Some of my favorite books

  • The Collected Dialogues of Plato. (Check out other translations, or if you can afford the money and effort, get some of the Loebs -- bilingual editions. Best bet for your money though is still the Bollingen Series edition, edited by Edith Hamilton -- of Mythology fame -- and Huntington Cairns. It's handy to have them all together, even if Benjamin Jowett gets annoying.)
  • The Complete Book of Plant Propogation, by Graham Clarke & Alan Toogood. (If you love growing plants like I do, you can't survive without it.
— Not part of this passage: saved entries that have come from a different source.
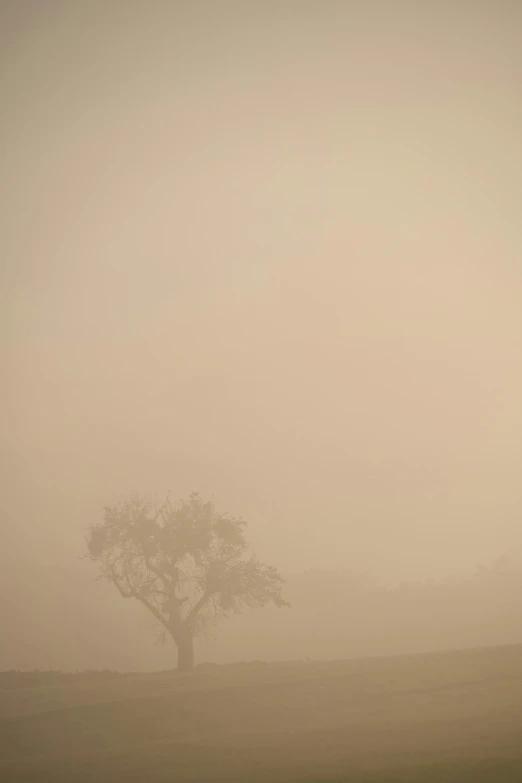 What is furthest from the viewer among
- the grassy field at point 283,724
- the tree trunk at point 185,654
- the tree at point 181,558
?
the tree at point 181,558

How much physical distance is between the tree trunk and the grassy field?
164 inches

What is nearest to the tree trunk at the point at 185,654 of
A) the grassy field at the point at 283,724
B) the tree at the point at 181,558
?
the tree at the point at 181,558

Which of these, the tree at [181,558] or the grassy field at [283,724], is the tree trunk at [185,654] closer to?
the tree at [181,558]

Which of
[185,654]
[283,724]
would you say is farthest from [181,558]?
[283,724]

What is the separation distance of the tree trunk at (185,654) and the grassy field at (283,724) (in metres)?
4.17

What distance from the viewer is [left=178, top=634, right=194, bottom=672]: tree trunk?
51594 millimetres

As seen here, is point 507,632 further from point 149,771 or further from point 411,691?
point 149,771

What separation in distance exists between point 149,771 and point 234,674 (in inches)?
673

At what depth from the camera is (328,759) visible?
2777 cm

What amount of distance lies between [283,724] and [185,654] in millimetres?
19887

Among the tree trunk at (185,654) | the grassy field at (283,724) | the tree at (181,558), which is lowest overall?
the grassy field at (283,724)

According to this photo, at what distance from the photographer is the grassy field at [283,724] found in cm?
2703

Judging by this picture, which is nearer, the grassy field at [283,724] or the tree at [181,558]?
the grassy field at [283,724]

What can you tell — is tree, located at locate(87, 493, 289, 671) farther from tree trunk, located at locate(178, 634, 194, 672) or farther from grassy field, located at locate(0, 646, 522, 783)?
grassy field, located at locate(0, 646, 522, 783) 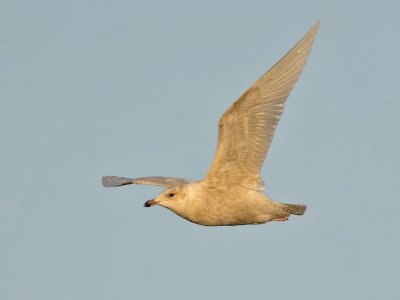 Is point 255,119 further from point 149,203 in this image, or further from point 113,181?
point 113,181

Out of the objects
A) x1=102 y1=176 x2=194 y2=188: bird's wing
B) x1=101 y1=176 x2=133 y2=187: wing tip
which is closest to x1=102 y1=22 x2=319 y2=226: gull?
x1=102 y1=176 x2=194 y2=188: bird's wing

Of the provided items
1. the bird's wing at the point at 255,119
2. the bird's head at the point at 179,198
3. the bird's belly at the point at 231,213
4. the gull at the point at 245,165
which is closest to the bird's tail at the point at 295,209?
the gull at the point at 245,165

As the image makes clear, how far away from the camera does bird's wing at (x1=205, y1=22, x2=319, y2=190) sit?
22.2 metres

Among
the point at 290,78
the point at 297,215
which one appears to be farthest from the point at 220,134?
the point at 297,215

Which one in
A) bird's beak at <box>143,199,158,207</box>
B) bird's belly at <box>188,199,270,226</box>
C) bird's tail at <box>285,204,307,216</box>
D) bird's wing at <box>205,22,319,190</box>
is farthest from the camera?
bird's tail at <box>285,204,307,216</box>

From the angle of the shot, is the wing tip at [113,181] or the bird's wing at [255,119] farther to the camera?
the wing tip at [113,181]

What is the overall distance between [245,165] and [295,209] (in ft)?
7.68

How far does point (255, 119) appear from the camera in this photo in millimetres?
22547

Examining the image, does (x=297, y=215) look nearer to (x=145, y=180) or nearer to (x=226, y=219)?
(x=226, y=219)

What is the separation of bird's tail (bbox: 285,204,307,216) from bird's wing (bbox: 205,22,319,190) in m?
1.85

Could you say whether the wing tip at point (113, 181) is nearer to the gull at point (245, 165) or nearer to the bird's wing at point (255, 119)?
the gull at point (245, 165)

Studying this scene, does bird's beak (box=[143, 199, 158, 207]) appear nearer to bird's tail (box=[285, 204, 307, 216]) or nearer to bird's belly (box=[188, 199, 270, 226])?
bird's belly (box=[188, 199, 270, 226])

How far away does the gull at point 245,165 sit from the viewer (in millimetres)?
22250

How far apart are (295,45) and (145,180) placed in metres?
7.26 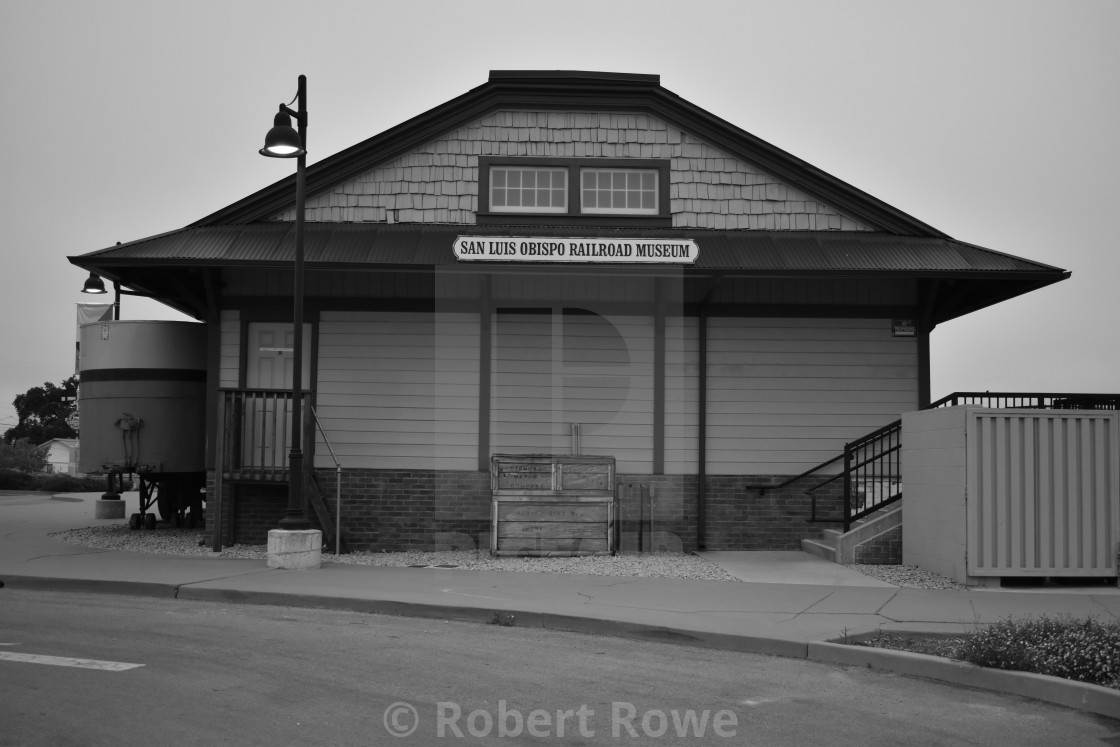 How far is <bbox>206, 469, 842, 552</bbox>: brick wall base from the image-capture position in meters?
16.0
A dense 250 pages, published by Ward Lock Limited, out of London.)
  • Complete Poems of John Keats and Percy Bysshe Shelley. (I have an old Modern Library old it's not even dated.)
  • Complete Tales and Poems of Edgar Allan Poe. (Modern Library again, but at least I'm certain this one's still in print. If you don't happen to be from the USA, or if you've just never tasted of his eloquence, try reading Descent Into the Maelstrom -- what a gorgeous word! -- Berenice, and Morella for tales; and Israfel, and Alone for poems.)
  • Essays and Letters by Percy Bysshe Shelley. (Never heard of them? Don't blame me. If you get a chance to check it out, read his essay On Love. It's great stuff! The volume I have was special ordered from an outfit with the all-too- innocuous name of Books for Libraries Press, Freeport, New York. Reprinted 1971.)
  • The Language Instinct, by Steven Pinker. (You just have to read it.)
  • Letters to a Young Poet, by Rainer Maria Rilke. (I have Stephen Mitchell's translation.)
  • The Little Prince, by Antoine de Saint-ExupĂ©ry. (Yes! The Classic. We have begun a collection, which now includes the original French, as well as English, Spanish, German, Czech and Slovak translations. Gift idea, anyone? I hear there are dozens more translations.)
  • Lucy: The Beginnings of Mankind, by Donald Johanson & Maitland Edey. (A good introduction to evolutionary theories.)
  • A Man Without Words, by Susan Schaller. (You'll never think the same way about thought or language.) Check out American Journal of Psychology Winter 1992, Vol. 105, no. 4, pp. 648-653, for a review by Carol A. Padden. I haven't read it yet, but intend to.
  • The Monadology, by Gottfried Wilhelm Leibniz. (I have it in a larger volume pubished by Open Court Classics.)
  • A Natural History of the Senses, by Diane Ackerman. (She's also written A Natural History of Love. I'm halfway through it.)
  • Seeing Voices, by Oliver Sacks -- of Awakenings fame. (Be forewarned, his footnotes are as long as his text.) This book is included among a full list of books relevant to Deaf issues.
  • Winston Churchill's Afternoon Nap, by Jeremy Campbell. (A fascinating, and largely undiscovered masterpiece purportedly addressing the Nature of Time. If you've read Grammatical Man, don't let that turn you off. This one reads like a different author.)
Sorry, I had to remove all the old links, like my list of books relevant to Deaf issues (mostly because they are dead-ends now.) I confess, my tastes have changed a bit since then. Like, for instance, I've gained a much more critical attitude towards Steven Pinker... but nonetheless, the list is revealing. Pace, Dryden... I like Shelley. :) By the way, we still have our collection of The Little Prince (now totalling 17 volumes, one currently on loan to a friend, in 14 different languages).


Yr. Hmbl. & Obdt. said...

Shelley...shudder...well, to each his own, I suppose...I will give Percy this much: if we had to judge all artists and critics by what they produced in their extreme youth, we probably would think much less of many of the greats--had Percy bothered to take a few swimming lessons, I might think much more of him based on what he'd gone on to produce.

ArticulateDad said...

And, just think, if Mozart had lived another 20 years--surviving to the ripe age of 56 (he died a month before turning 36!)--perhaps he could have produced works as saccharin and boring as, say Edna St. Vincent Millay!

Apropos: Recuerdo has got to be the worst published poem of all time!